Closed Helveg closed 2 years ago

Helveg commented 2 years ago

Parsing the NMODL below yields the following error, but to me seems like a valid expression?

RuntimeError: NMODL Parser Error : syntax error, unexpected (, expecting INTEGER or DEFINEDVAR or NAME or PRIME [Location : 204.11]

Offending line:

    ~ ca <-> (0, -ica*PI*diam/(2*FARADAY))
: Calcium ion accumulation with endogenous buffers, DCM and pump

COMMENT

The basic code of Example 9.8 and Example 9.9 from NEURON book was adapted as:

1) Extended using parameters from Schmidt et al. 2003.
2) Pump rate was tuned according to data from Maeda et al. 1999
3) DCM was introduced and tuned to approximate the effect of radial diffusion

Reference: Anwar H, Hong S, De Schutter E (2010) Controlling Ca2+-activated K+ channels with models of Ca2+ buffering in Purkinje cell.
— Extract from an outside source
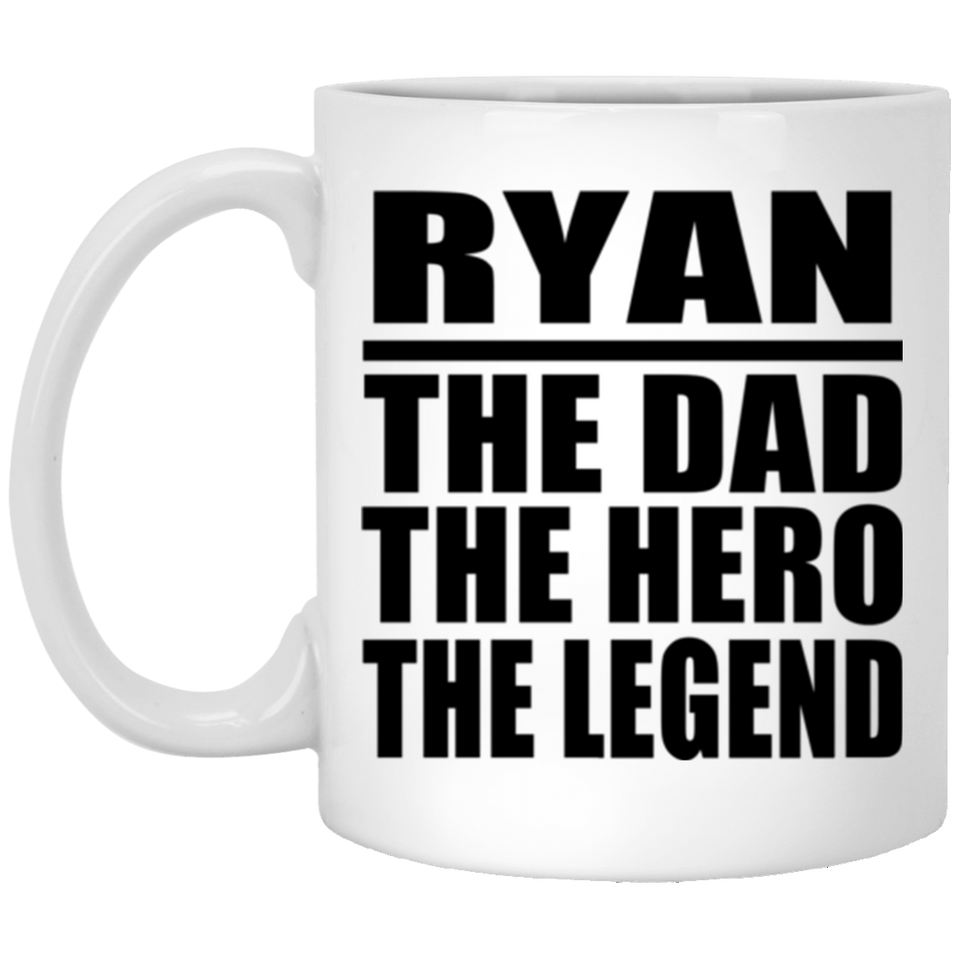 Ryan The Dad The Hero The Legend - 11 Oz Coffee Mug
Cerebellum*

*Article available as Open Access

PubMed link: http://www.ncbi.nlm.nih.gov/pubmed/20981513

Written by Haroon Anwar, Computational Neuroscience Unit, Okinawa Institute of Science and Technology, 2010.
Contact: Haroon Anwar (anwar@oist.jp)

ENDCOMMENT

NEURON {
  SUFFIX cdp5
  USEION ca READ cao, ica WRITE cai
  RANGE Nannuli, Buffnull2, rf3, rf4, vrat
  RANGE TotalPump

}

UNITS {
    (mol)   = (1)
    (molar) = (1/liter)
    (mM)    = (millimolar)
    (um)    = (micron)
    (mA)    = (milliamp)
}

CONSTANT {
  FARADAY = 9.652 : Farady constant (coulomb/mol)
  PI = 3.14
}

PARAMETER {
  diam      (um)
    Nannuli = 10.9495 (1)
    celsius (degC)

    cainull = 45e-6 (mM)
        mginull =.59    (mM)

:   values for a buffer compensating the diffusion

    Buffnull1 = 0   (mM)
    rf1 = 0.0134329 (/ms mM)
    rf2 = 0.0397469 (/ms)

    Buffnull2 = 60.9091 (mM)
    rf3 = 0.1435    (/ms mM)
    rf4 = 0.0014    (/ms)

:   values for benzothiazole coumarin (BTC)
    BTCnull = 0 (mM)
    b1 = 5.33   (/ms mM)
    b2 = 0.08   (/ms)

:   values for caged compound DMNPE-4
    DMNPEnull = 0   (mM)
    c1 = 5.63   (/ms mM)
    c2 = 0.107e-3   (/ms)

:       values for Calbindin (2 high and 2 low affinity binding sites)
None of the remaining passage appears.